Reducing Customer Churn by Adding eBilling System

eBilling and associated analysis is delivering significant benefits for Service Providers of all sizes, across both their consumer and business sectors. However, the two environments are very different. The consumer marketplace faces particular challenges, not least of which is the reluctance of some customers to adopt an online lifestyle. It has been the reluctance of the consumer sector that has clouded the industry’s perception of eBilling. The business sector represents the more straightforward case – where it is faster to convert and easier to articulate customer benefits. For most Service Providers, the corporate space represents a significant part of their revenue, or it is an area of potential growth in a highly competitive market.

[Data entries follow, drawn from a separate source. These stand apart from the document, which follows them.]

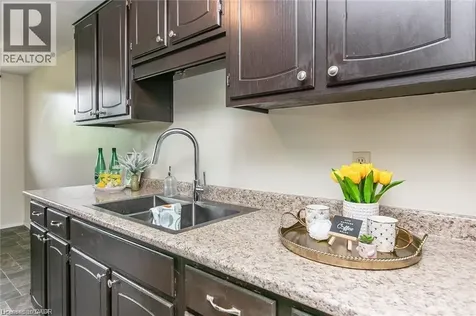 30 Avalon Place Kitchener ON N2M 4N6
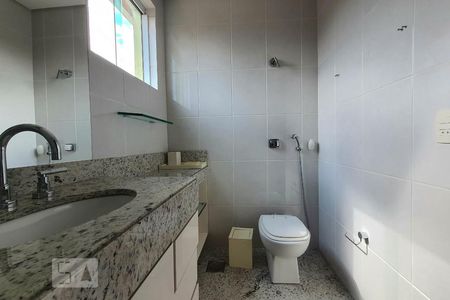 Casa à venda com 100m², 4 quartos e 11 vagasBanheiro Suíte 4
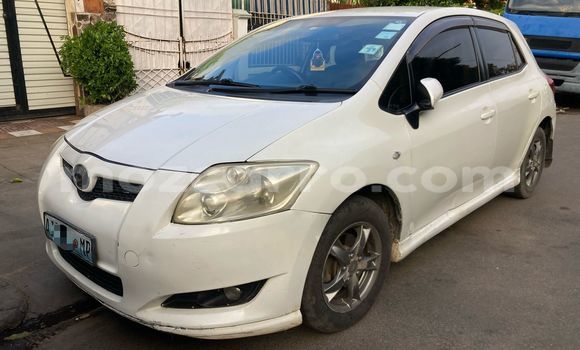 Buy Used Toyota Auris White Car in Maputo in Maputo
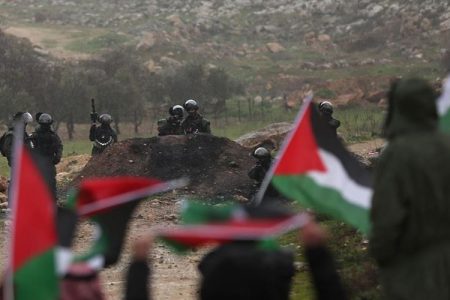 غرب اردن: اسرائیلی فوج کی فائرنگ سے تین فلسطینی زخمی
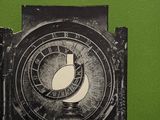 un livre vert sur lequel figure l'image d'une horloge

As the Service Provider marketplace becomes increasingly competitive, customers are more willing to exercise their purchasing power. Around 75% of the 17 to 20 million subscribers signing up each year with wireless carriers have transferred from competitive carriers – customer churn. - source: Dunn and Bradstreet

In 2006, the Customer Respect group conducted a survey of UK telecom companies and reported ‘customer churn’ as one of the most pressing issues for the industry.
Unfortunately, there is little consistency in the measurement of churn and, because of the potential impact on share price, rates are sometimes ‘massaged’ to make them appear more positive. - source: Yankee Group

According to Dunn and Bradstreet, annual churn rates for telecommunication companies sit in a range of between 10% and 67%. The generally accepted industry average is around 35%.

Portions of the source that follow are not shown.